その背景を経済理論から読み解くと現実が見えてくる。
「¥907 vs $15」
私事になるが、このところ、東京とNYを往復する生活を続けている。ことあるごとに、サービスの生産性や価格の日米比較をしてしまう。その時に際立つのは、東京の素晴らしさだ。
地下鉄は、NYには時刻表はないが、東京は時刻表どおりに走るし、乗り心地もはるかに快適だ。郵便局の窓口局員の日米生産性格差はおそらく10対1くらいあるだろう。東京とNYのホテルを比べると、東京のほうがはるかに接客や設備が良いのに料金は安い。レストランも同様だ。海外旅行客が日本に殺到するのもよくわかる。

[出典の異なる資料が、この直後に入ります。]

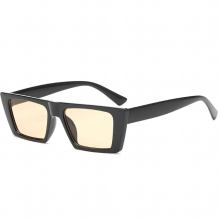 Unisex UV Protection Sunglasses with Anti-slip Nose Pad Ergonomic Temples Items for Woman Girl FS99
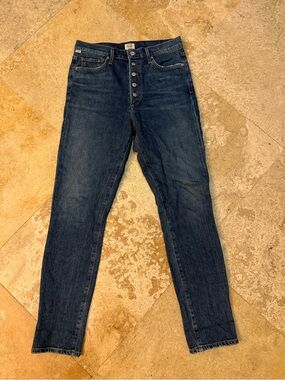 Citizens of Humanity size 28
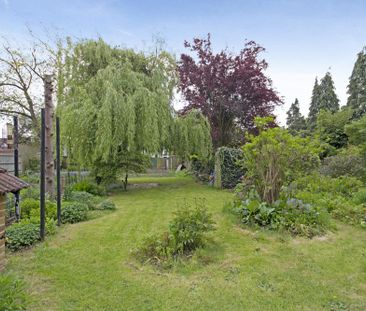 1 bedroom flat to rent - Photo 6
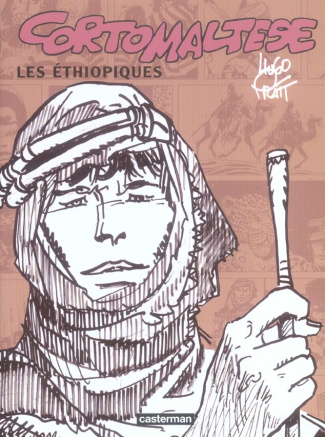 Corto Maltese : Les Ethiopiques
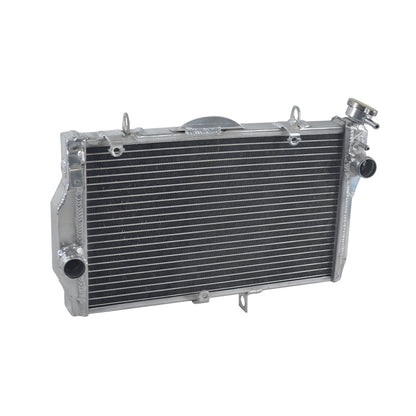 Aluminum Radiator for 1999-2007 Honda CBR1100XX Blackbird Fuel injected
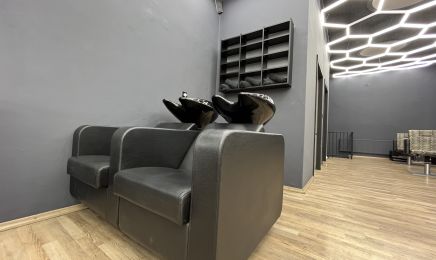 Hairartist Semih Turhal: Friseur in Stadtallendorf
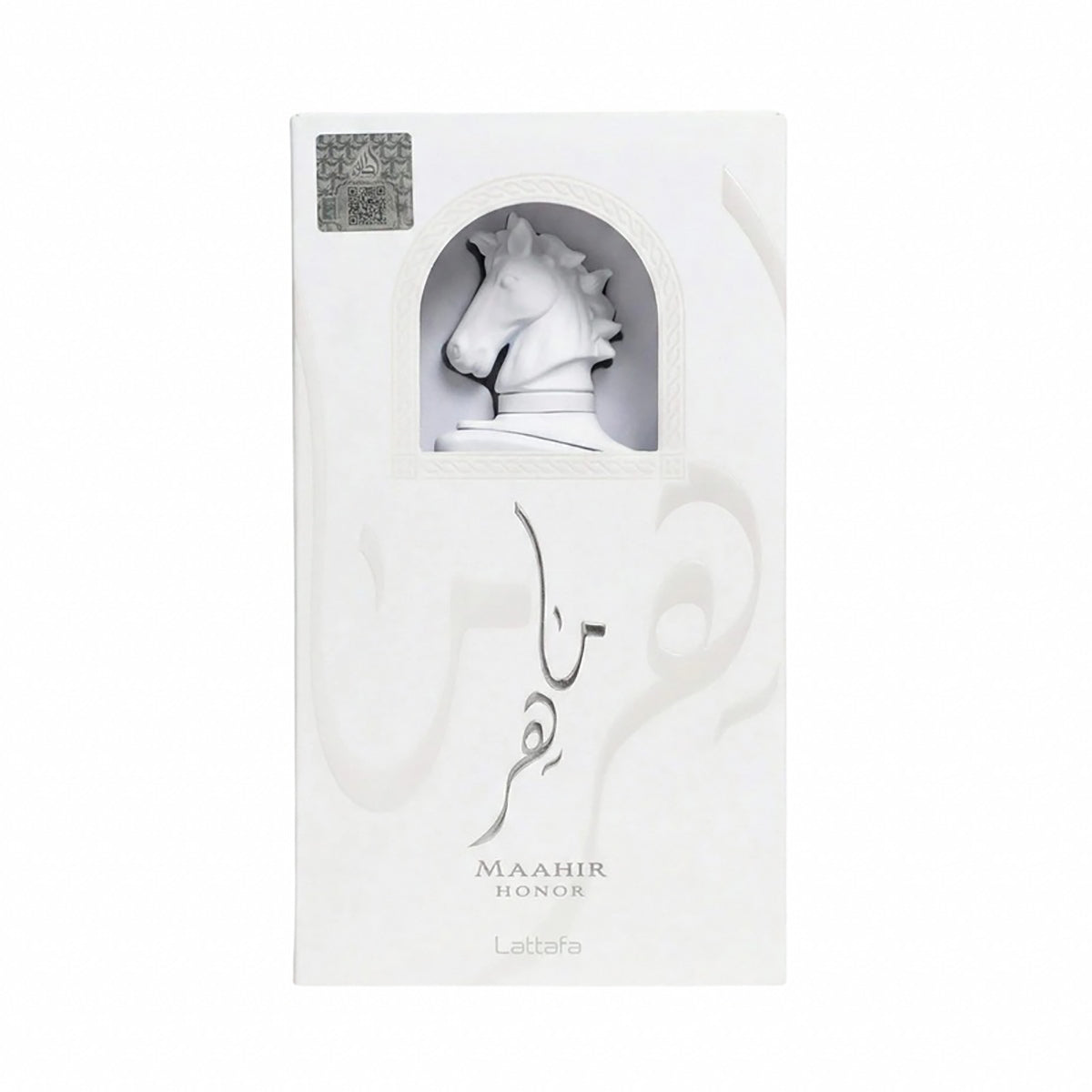 Lattafa Maahir Honor 100ml Eau De Parfum Spray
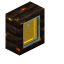 Yellow Brimwood Display Case icon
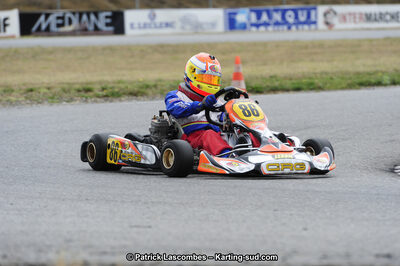 08/09/2013 : Course Club de Muret (Photos Patrick Lascombes) 2013 — karting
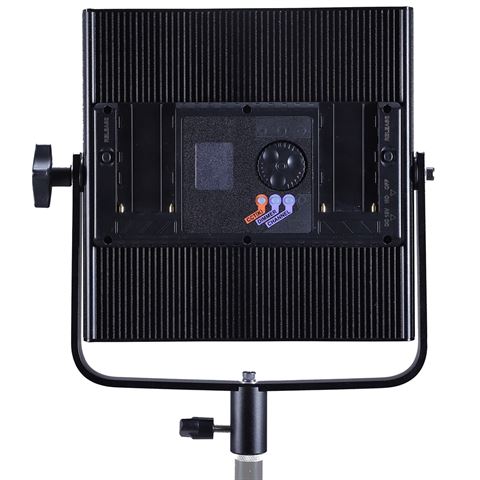 Falcon Eyes zweifarbiges LED-Lampenset T10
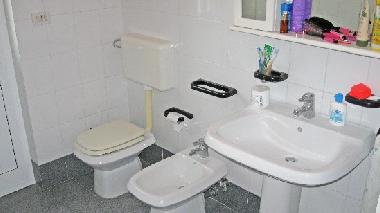 Ferienhaus in Ugento (Lecce) oder Ferienwohnung oder Ferienhaus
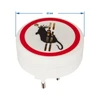 Repellente elettrico per topi - 3 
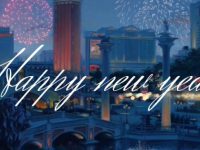 Cute new year wishes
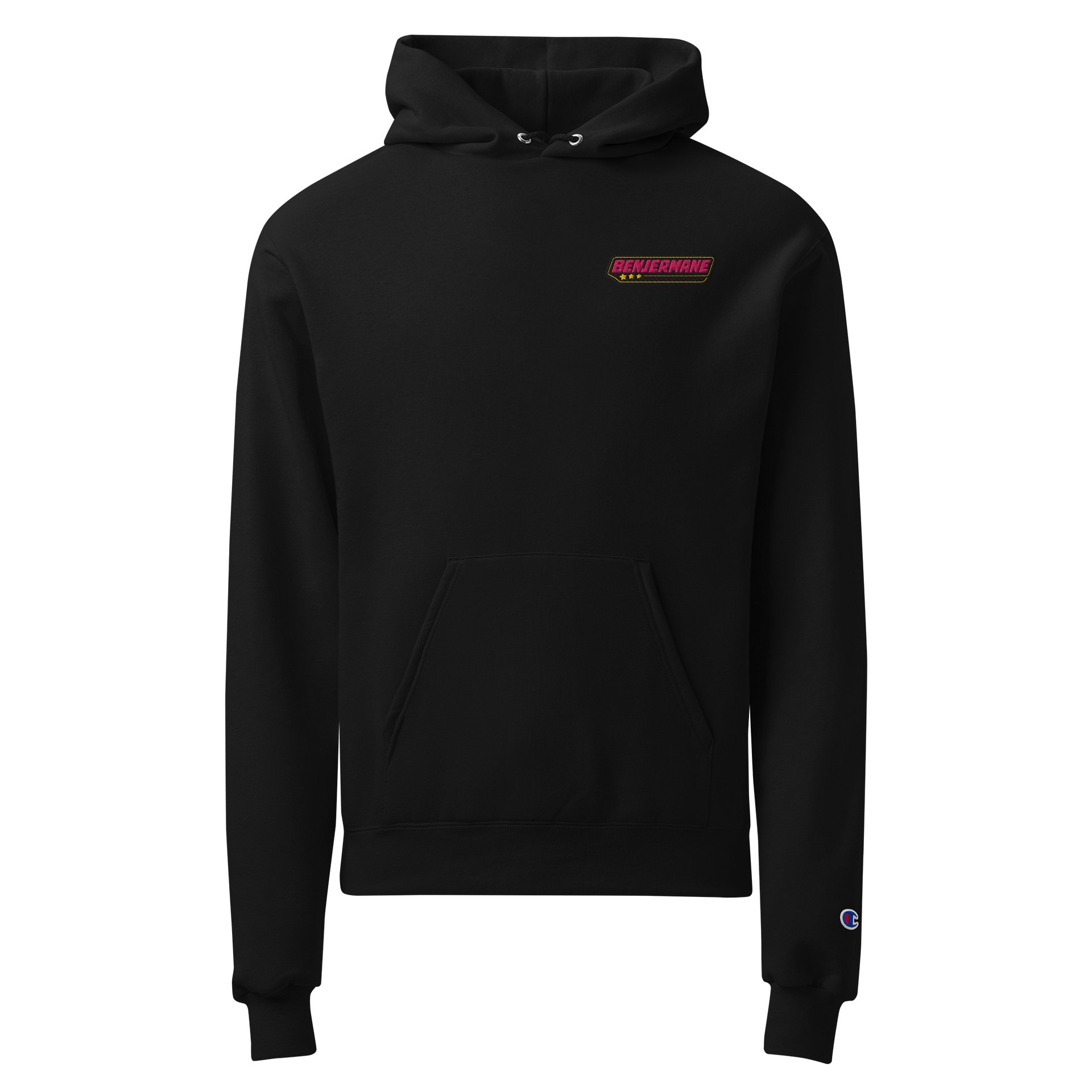 The OG Hoodie product image (1)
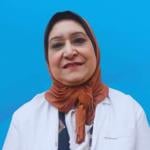 استشارى امراض النساء و التوليد و العقم عند السيدات 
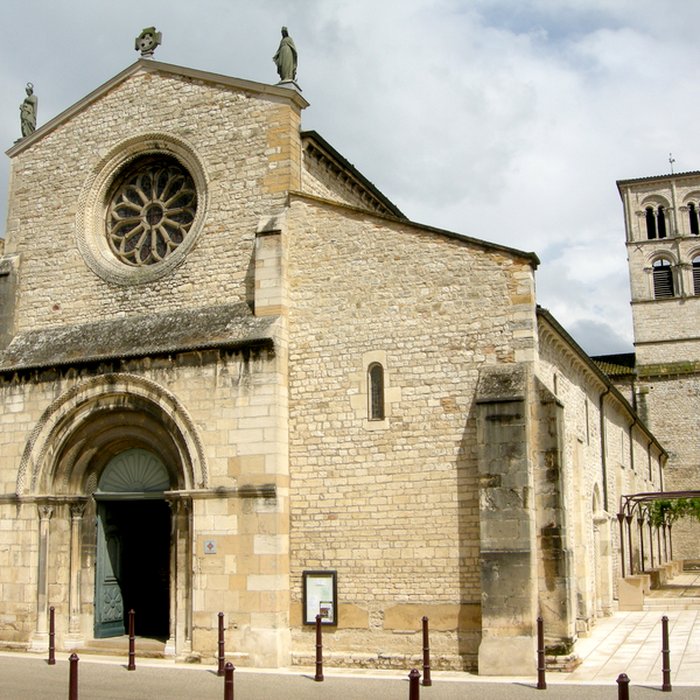 Photo de Eglise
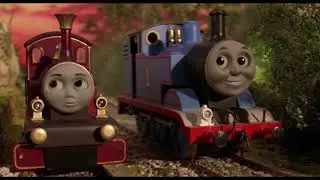 The Engine King (Revival/Reboot) Part 15 - 
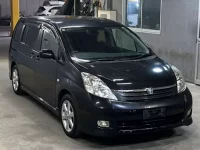 Toyota ISIS лот № 1036 оценка 3.5  с аукциона в Японии 3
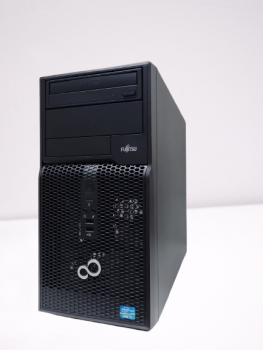 PC-Midi - Intel Core i3-2120, 8GB RAM, 500GB HDD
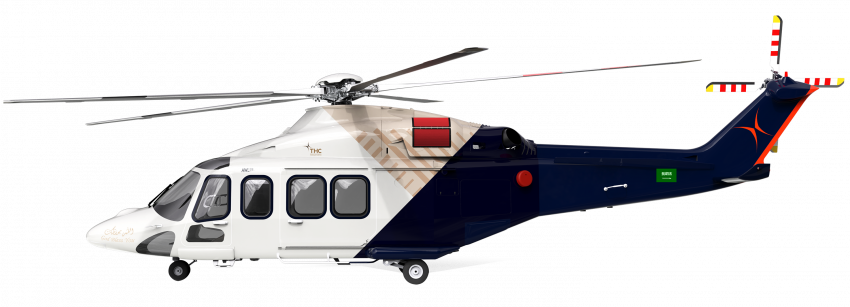 AW139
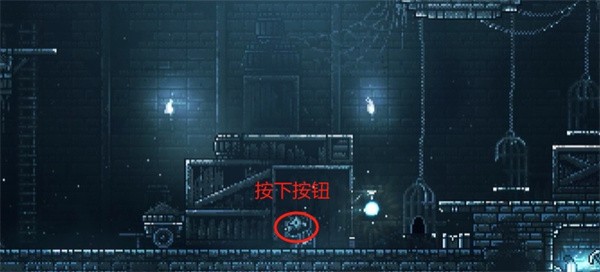 极渊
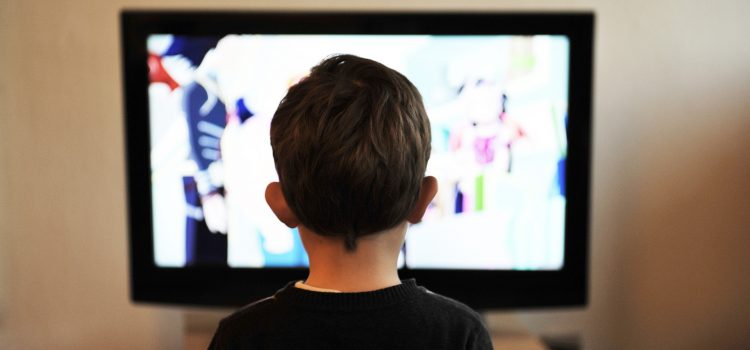 Telewizja i najmłodsze dzieci – raz jeszcze o tym, dlaczego NIE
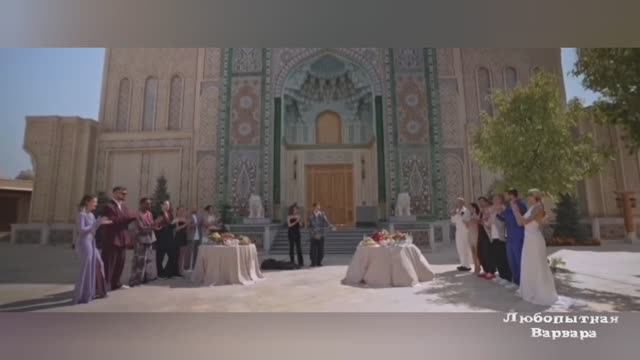 Шоу Выжить в Самарканде. Игра сезонов 1 выпуск - 19.01.2025 - кто покинул шоу? смотреть онлайн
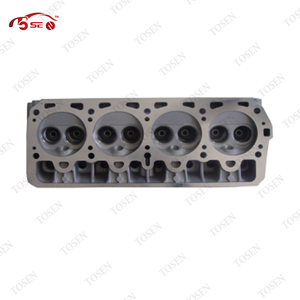 Для двигателя FIAT 1.6L Chevrolet 7777436 7559714 4346621 головка блока цилиндров в сборе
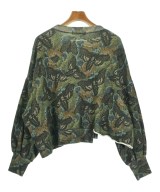 UNDER COVER（アンダーカバー）スウェット 緑 サイズ:2(M位) レディース/2200706314021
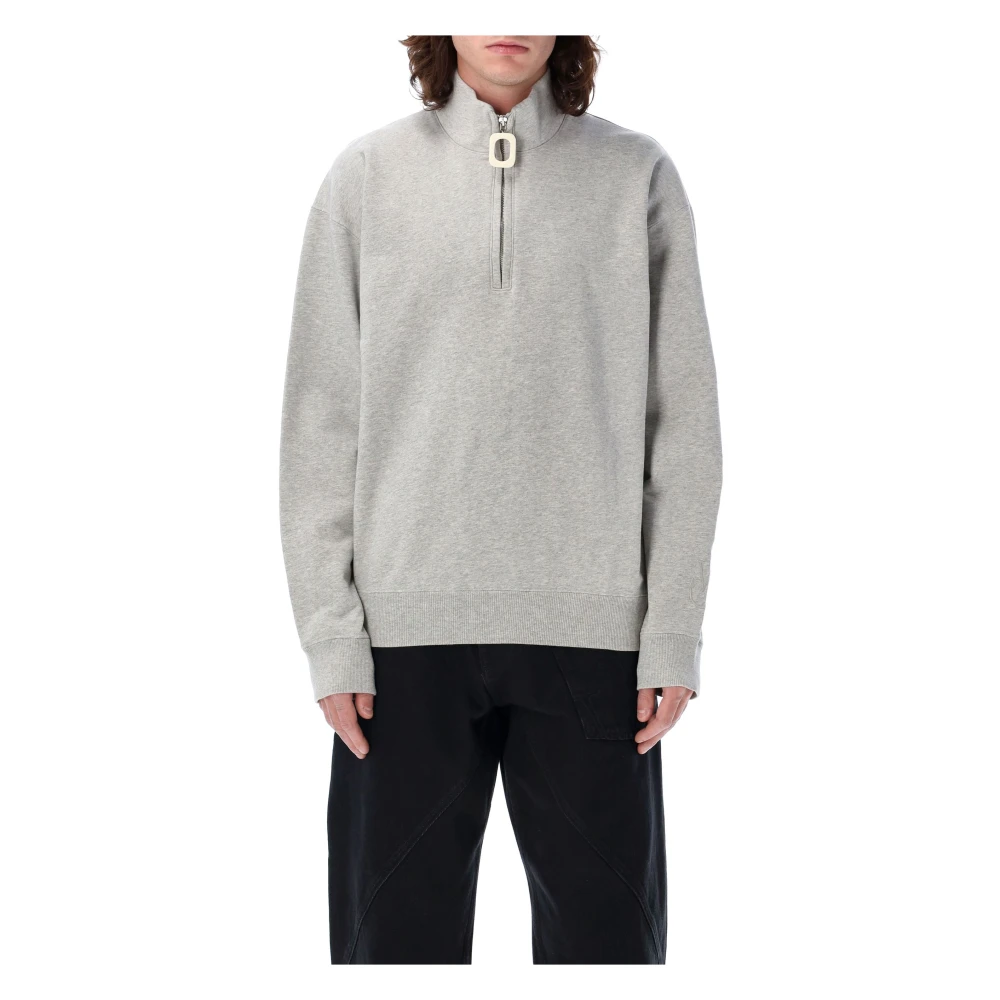 Sweatshirts & Hoodies > Sweatshirts - - JW Anderson - Modalova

現在の125円水準では、日本のサービスは良質で安価というものが多い。東京を訪れる友人たちは皆、日本の物価が安いと言っている。もちろん、12年11月以降の急激な円安(80円⇒125円)の結果、日本の物価が安く見える、というのは確かだが、日本のサービス産業の賃金・物価が、日本銀行の掲げるインフレ目標2%に対して、なかなか実現していないことも大きい。
インフレ・賃上げの硬直性が存在
日本の賃金は安いとして、サービス産業の価格はどうだろうか。マクドナルドのビッグマック(英エコノミスト誌の「BigMac Index(15年1月時点)」)は、日本370円、アメリカ$4.79(約600円)。製品価格でも、日本は圧倒的に安い。
フォーブスジャパン10月号より
図2は、89年から15年までのビッグマックの日米価格比だ。
ビッグマックのNY価格(緑線)は一貫して上昇してきたが、とくに近年の上昇率が高い。日本価格(赤線)は、経済のデフレ傾向を反映してか、下落をしたあと、06年ころからようやく値上げになってきた。NY価格は、日本価格のドル換算価格(黒色)よりも多くの場合高めに推移してきた。日本のビッグマック価格(ドル換算)がアメリカでのビッグマック価格を上回ったのは、円高の進行していた90年代前半のみである。10~12年の超円高期にも、日米格差はほとんどなくなっていた。ビッグマックの日米価格比較でも、日本が特に安いのである。
ここ2年間、日本でも、政府が音頭をとって産業界に賃上げ(ベースアップ)を求める春闘が続いている。アベノミクスの成功のためには、インフレ率2%の目標達成と、2%を上回る賃上げが必要だ。日本では政府が民間の決定に口出しをするのはいかがなものか、という意見も出されている。しかし、日本ではこれまで「低インフレ⇒賃上げ萎縮⇒低インフレ」という「インフレ・賃上げの硬直性」が存在した。
これを打破するには、インフレ目標政策の量的緩和による推進(黒田東彦・日銀総裁の努力)と同時に、各業界の足並みの揃った賃上げ(他社が上げるならわが社でも、のような協調賃上げ)が経済理論的にも望ましい。
賃金の日米格差は縮めてほしい。